This big, genre-bending, spiritual coming-of-age novel focuses on Julian Selkirk, a young gay fashion photographer in New York City in the early 1990s, at the height of the AIDS epidemic.
Vivid social realism, enriched by unforgettable characters, eroticism, and wit, make this a satisfying read of the highest sort.
As a card-carrying member of Generation X, I expected to be caught up in waves of nostalgia and an emotionally gripping story.
I was wrong. This story ripped my guts out, made me laugh, made me cry, made me angry (that part is a testament to great writing and compelling characters - I wanted to hug Julian on one page and slap him into next Tuesday on the next), and left me with the strangest sense of hope at the end.
Given how far we've come on LGBTQ rights (though we still have a long way to go), it can be easy to forget the recent past and the struggles that gay men and women faced. This book is a poignant reminder, cleverly weaving those lessons and history into a compelling story and doing so without being preachy - no small feat!
On a personal note, one of my dearest friends from graduate school and one of the first openly gay men I ever met once told me that he was resigned to a life of serial monogamy.
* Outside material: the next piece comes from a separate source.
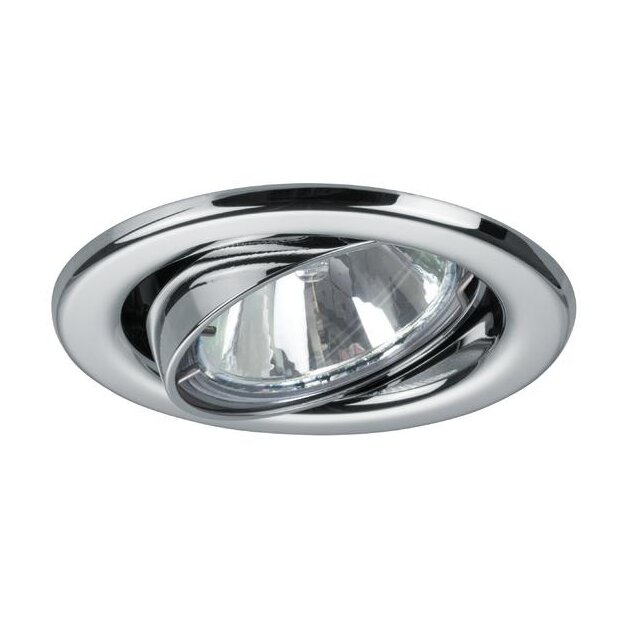 Brumberg 36180020 Einbaustrahler GU10 max. 10 W LED BRONNY Chrom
That was so heartbreaking and eye-opening. The possibilities that I as a cis straight woman took for granted — marriage/legally and societally sanctioned commitment complete with benefits, public displays of affection that wouldn't result in possible violence, children that couldn't be ripped away from me and my future partner at the whims of judgmental politicians, etc. I think I got a glimpse of what life might have been like for him in Two Natures. I'm pleased and proud that most of my gay friends from that era are now married and/or in committed relationships that have lasted for decades. It's beautiful, it's incredible, and it's definitely worth celebrating and working hard to protect.
I'm so glad this book came my way. It will stick with me for the long haul, I think.